Org Chart
Chairwoman/Founder
Yeah, she owns this shit.
CEO Chief Executive Officer
This is your boss.
COO Chief Operational Officer
This is also your boss, and the one who knows how the logistics chain works.
CCO Chief Creative Officer
The CCO is your boss, but only if you use a Mac, know photoshop, and don’t have to wear a tie to work.
CTO Chief Technology Officer
The CTO is not your boss, but you wish she was. They get to play with all the cool stuff down there – well, until it breaks, and then it’s hell-on-18-wheels for 60 straight hours until you finally get it fixed.
CFO Chief Financial Officer
From the day you are first hired your goal is to get some kind of dirt on the CFO so you can claim Hawaiian vacations and Vegas junkets as fully-refundable “vitally important conferences on the future viability of our industry”. Also: the CFO is probably the only one who knows which side to bet on in the eventual IPO or sale of the company. *Do Not Cross*
General Counsel or CLO Chief Legal Officer
weasel.
Senior Vice Presidents
Used to be your boss, but they got a new title and a pay raise and now they seemingly don’t do squat anymore except drop into your department twice a year, are present at endless meetings at corporate, and [if you’re lucky and blackmailing your CFO] you’ll run into them at those Hawaii and Vegas conferences.
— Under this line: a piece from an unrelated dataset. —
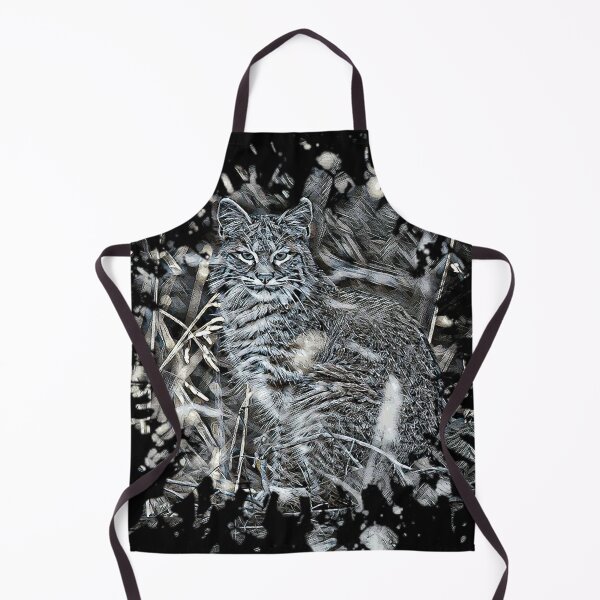 Item preview, Bobcat designed and sold by Skvor.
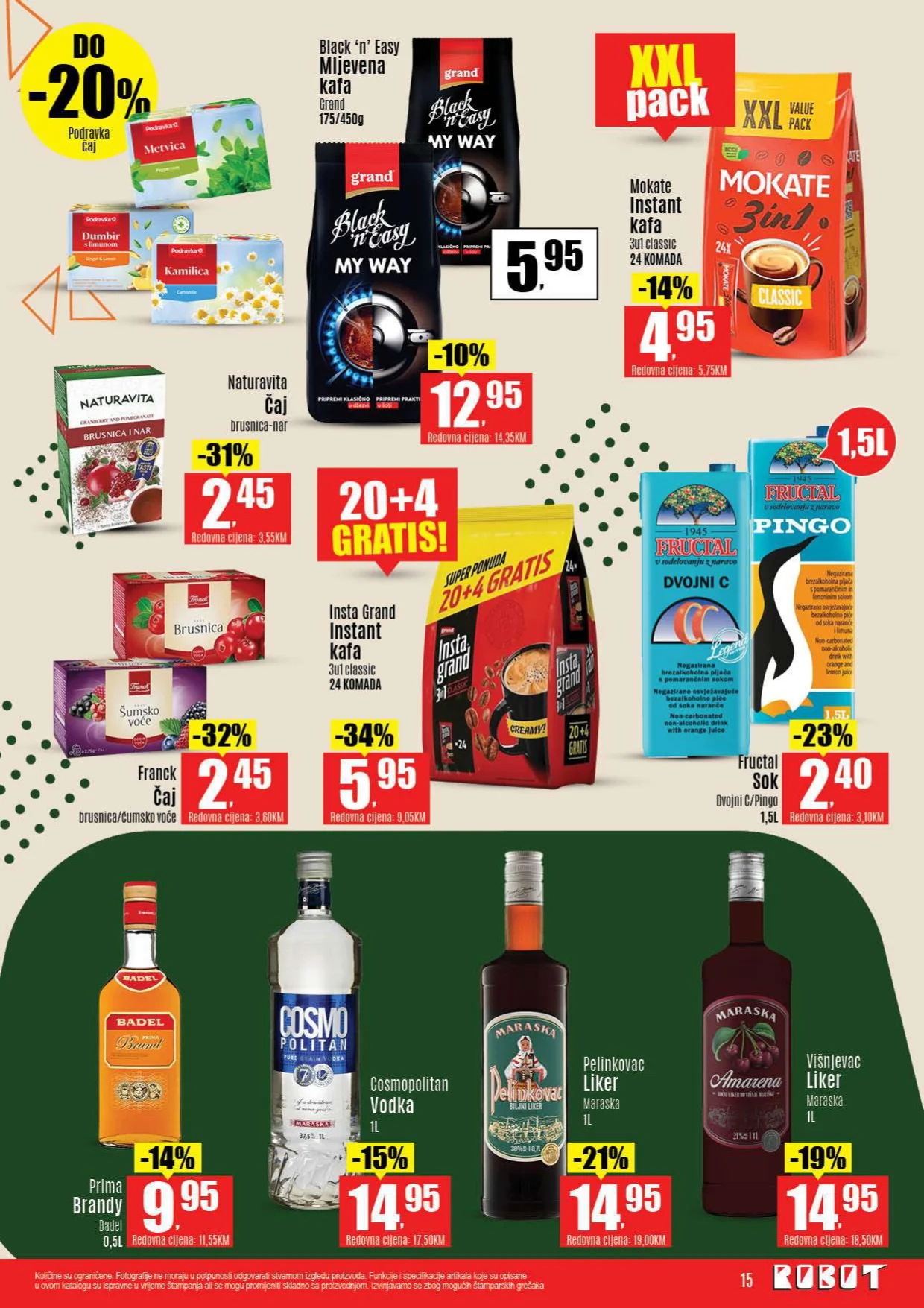 Robot katalog 19-31.1.2026.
VP of [insert geographic region, business segment, core operational function, or Special Strategic Project]
Your Boss. It’s not that work gets done at this level, but this is where the reports are generated that describe the work that is being done. *note: the reports are actually researched and written by plebes much further down, but the VP’s office is where they are ‘generated’
Junior Vice President
ignorable. That said: if they offer you this job, step over the rapidly-cooling corpses of your peers to take it, as it’s a nice paycheck, cushy office, little responsibility, and easily delegatable duties and assignments. Just remember: when the stock takes a nosedive and corporate is looking at layoffs, yours is the only name on the list.
Spokesman, Media Liason, Corporate Communications Director, SVP for Communications and Public Affairs, et al.
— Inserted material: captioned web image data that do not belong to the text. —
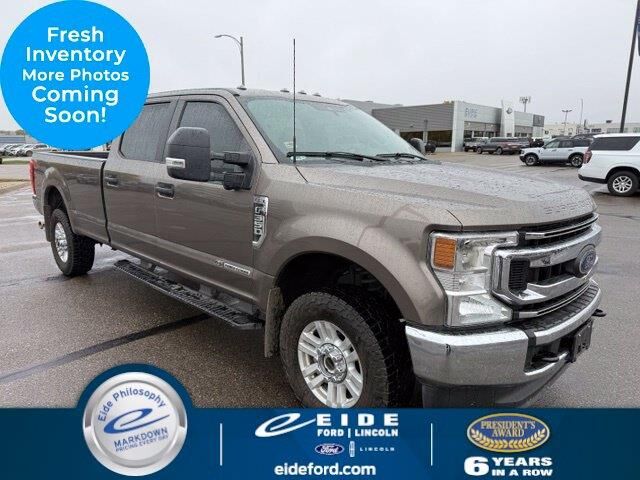 2022 Ford F-350 Super Duty XL
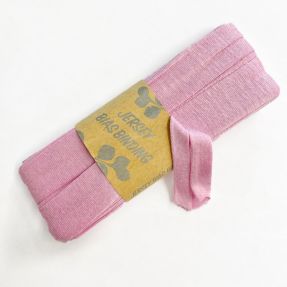 Bandă elastică viscoză - 3 m pink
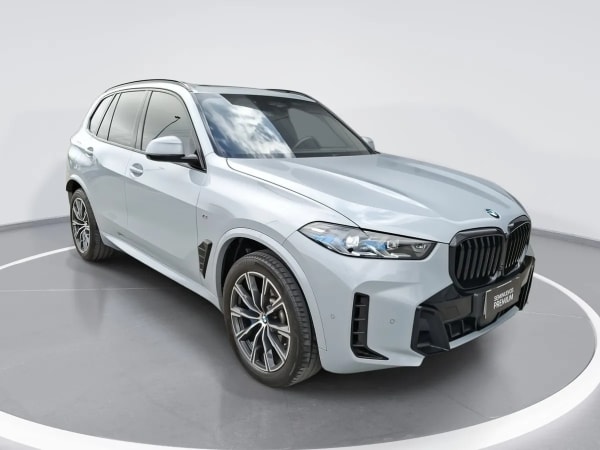 BMW X5 3.0 M Sport Lci 30d X-Drive 4x4 At 5p año 2025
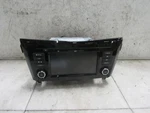 2018-2020 Nissan Rogue Radio Receiver Am-fm-cd-navigation Player Oem. Fixed Price $158.39.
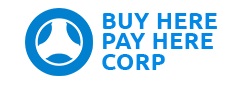 Buy Here Pay Here LLC's Logo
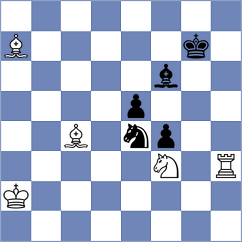 Jobava - Bromann (Chess.com INT, 2021)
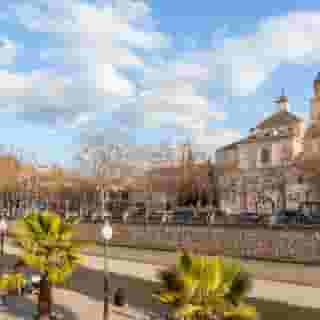 Macia Monasterio de los Basilios, 5 of 5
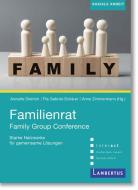 Familienrat/Family Group Conference edito da Lambertus-Verlag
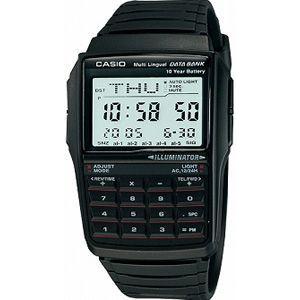 CASIO（カシオ） CASIO CA-500WEBF-1A デジタル クオーツ Back to the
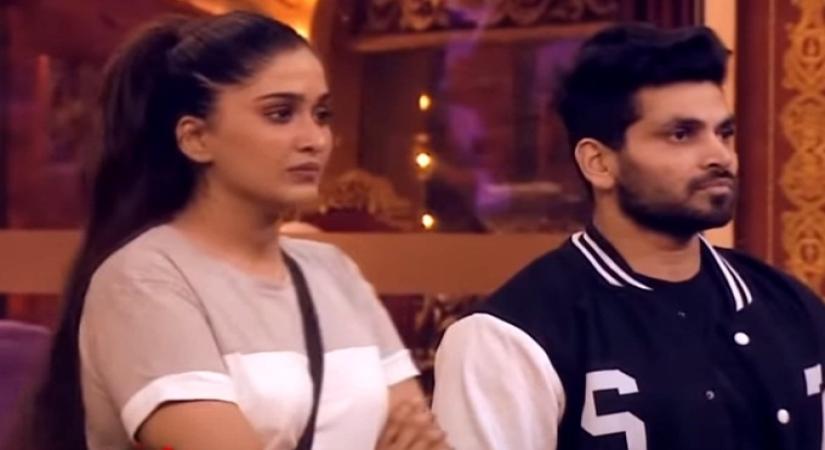 'Bigg Boss 16': Shalin, Soundarya try to instigate Nimrit against Shiv.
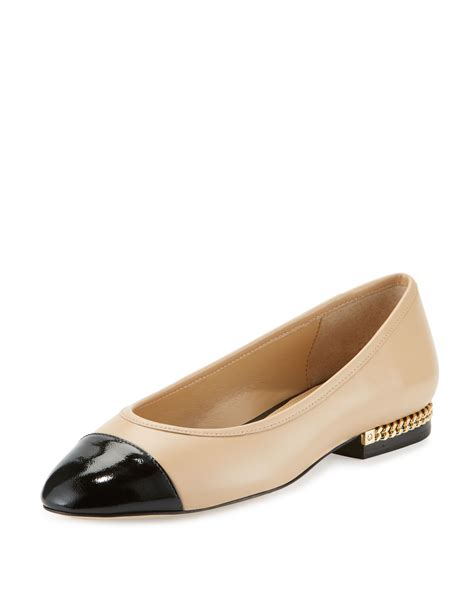 michael kors sabrina flats|Michael michael kors sabrina + FREE SHIPPING .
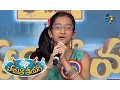 Download Lagu Ore Maava Vesukora Sukka Song - Meghana Performance in ETV Padutha Theeyaga - USA - ETV Telugu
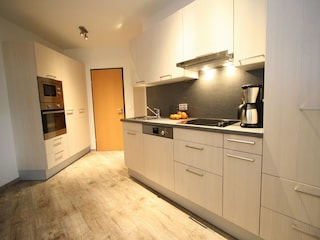 Apartment Sankt Margarethen im Lungau Features 21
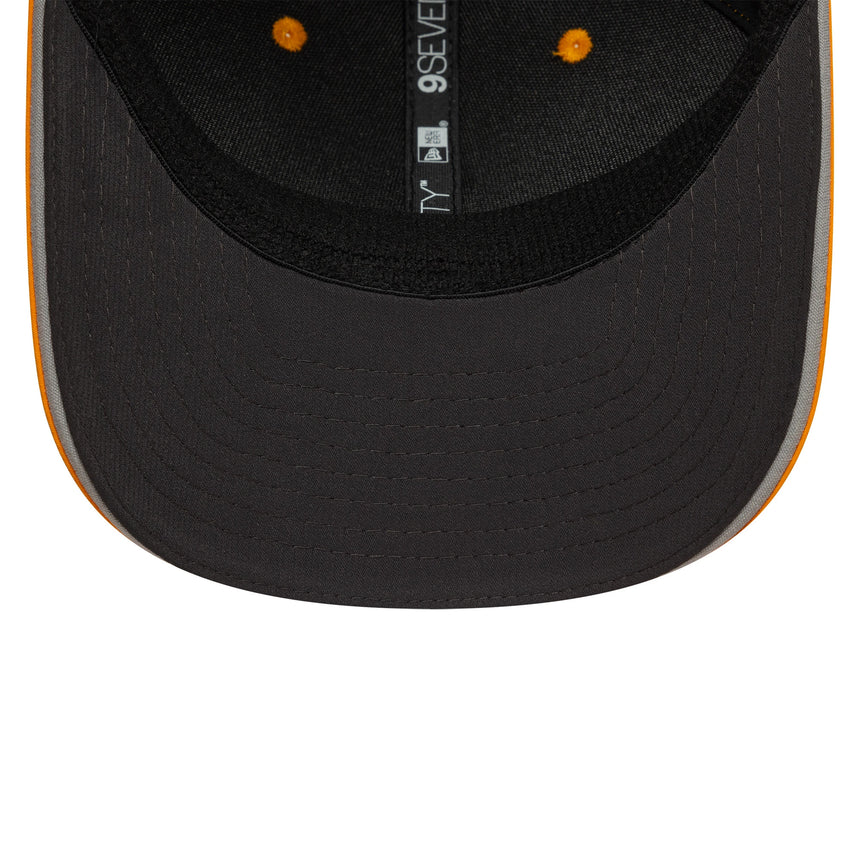 McLaren 9SEVENTY Cap, Junge 🔥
The job title varies depending on how long one stays in the role and how good you’ve been at it, but it’s all the same: Mouthpiece. Damage Control. Shaping and Spinning the Message. Often this is just some JVP who has to write boring (intentionally boring, bonus if it can also be misleading and obfuscatory) press releases, but this one junior flack often has more influence on the daily stock price than anyone except the Chairman/Founder/CEO.
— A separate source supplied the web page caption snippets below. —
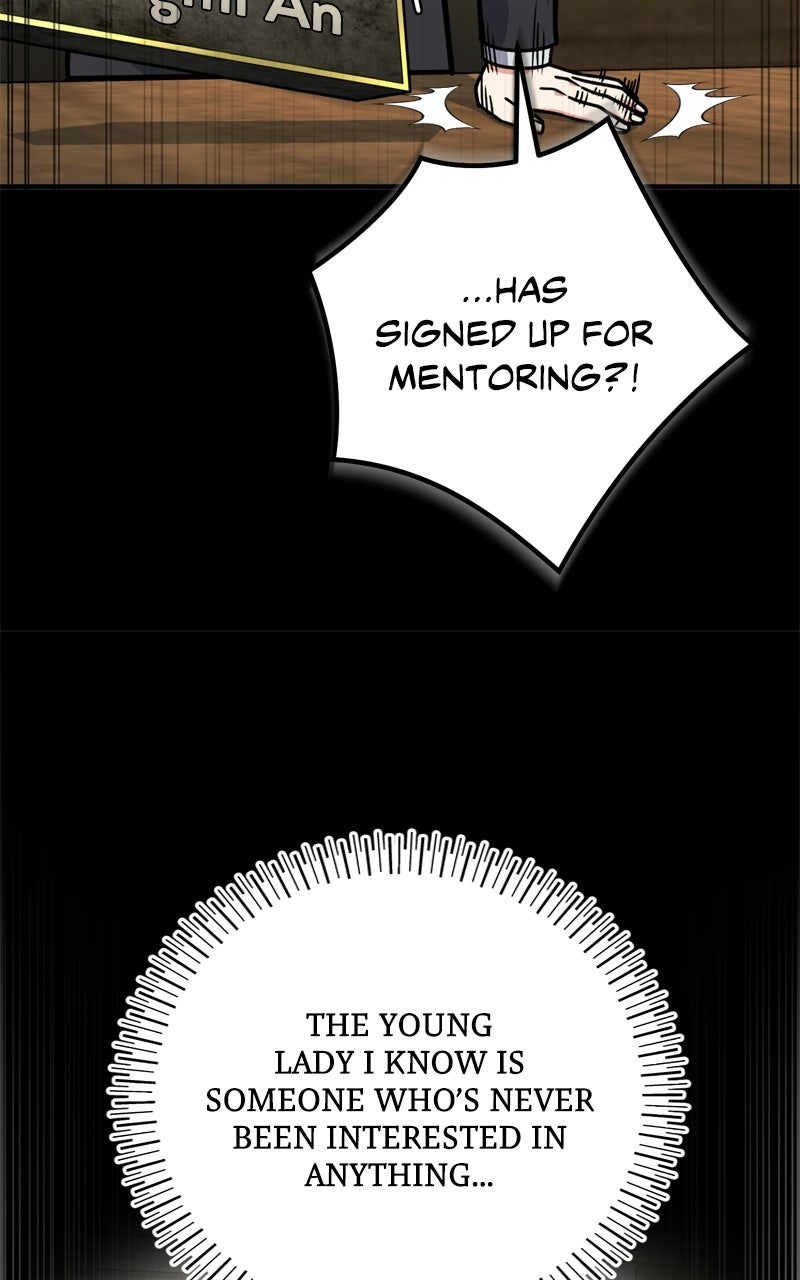 The Overpowered Support Ep. 32 - Splendid, My Lady page 20 - 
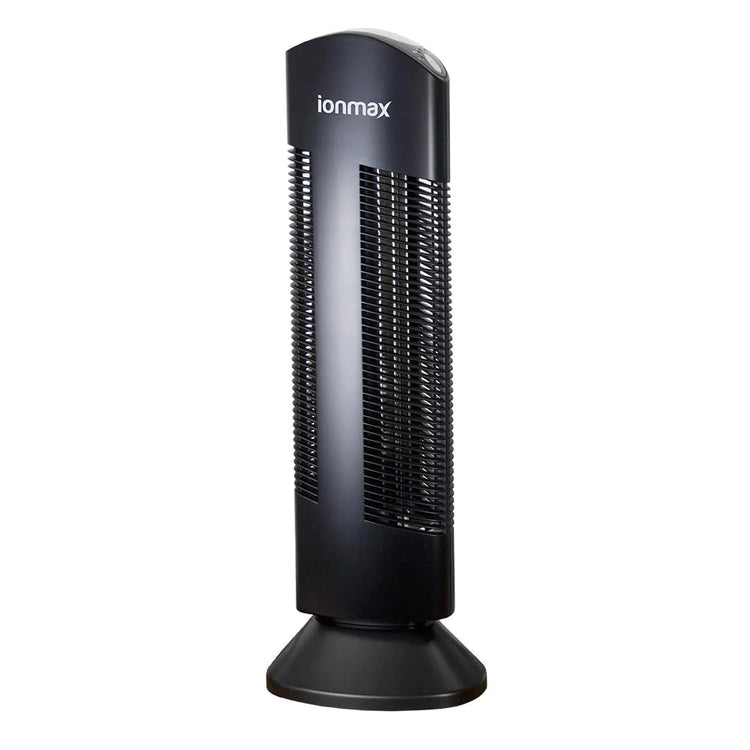 Ionic Tower Air Purifier Ionmax 401, 2 year warranty.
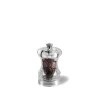 Acrylic Capstan Pepper Mill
Regional Directors, District Offices, “Field” Management, Corporate Trainers & “Regional Training Managers”
oh god. For those of you working in corporations that have this many levels of management hanging over your head: oh god, I’m so sorry you poor, dumb bastard.
Branch Management & Store Managers
Well, this is where the work gets done and the money is actually made: Responsible for everything – but unable to change anything.
Department Manager [store level]
enjoy that extra $1 an hour.
employee
SO: all this corporate baggage and “strategery” and “long term” and reports and graphs and power point presentations mean exactly jack.
No matter how much you think SVPs and VPs and JVPs and RMs and DMs and corporate initiatives and “sales focus” and contests and merchandising updates and stock re-lays and new products and ALL THAT CRAP matters
…it comes down to your lowest-level smallest-cog front-line employee.
Is this person a full-time employee with appropriate product knowledge, a generally engaging demeanor, and both the experience and training to handle your day-to-day business — or, just-kind-of-imagining-a-worst-case-scenario here — has the company’s endless quest to “control costs” meant that your primary customer interface is now a student working part time (with no hope of promotion, or of ever going full-time with benefits) who just wants to get through the damn 6pm-11pm shift and go home so they can [study/get drunk/get laid/sleep/get back to coding that app that’s going to be a 7-figure IPO/blog/do laundry/pick-any-three]?
*special shout-out and congrats to those of you who parsed that last sentence: you’re my peeps.
Please remember, corporate America: To the vast majority of the public you are nothing – the corporation is often invisible unless it happens to share a name with the brand. Your Whole Company is in the hands of a part-timer earning minimum wage – and this poor sod is as invested in your success as you are invested in them.
That is to say: the outlook isn’t good. Much of corporate America is so very, very fucking lucky Unions are out-of-vogue and largely impotent, because there hasn’t been this strong of a catalyst for unions since 1880.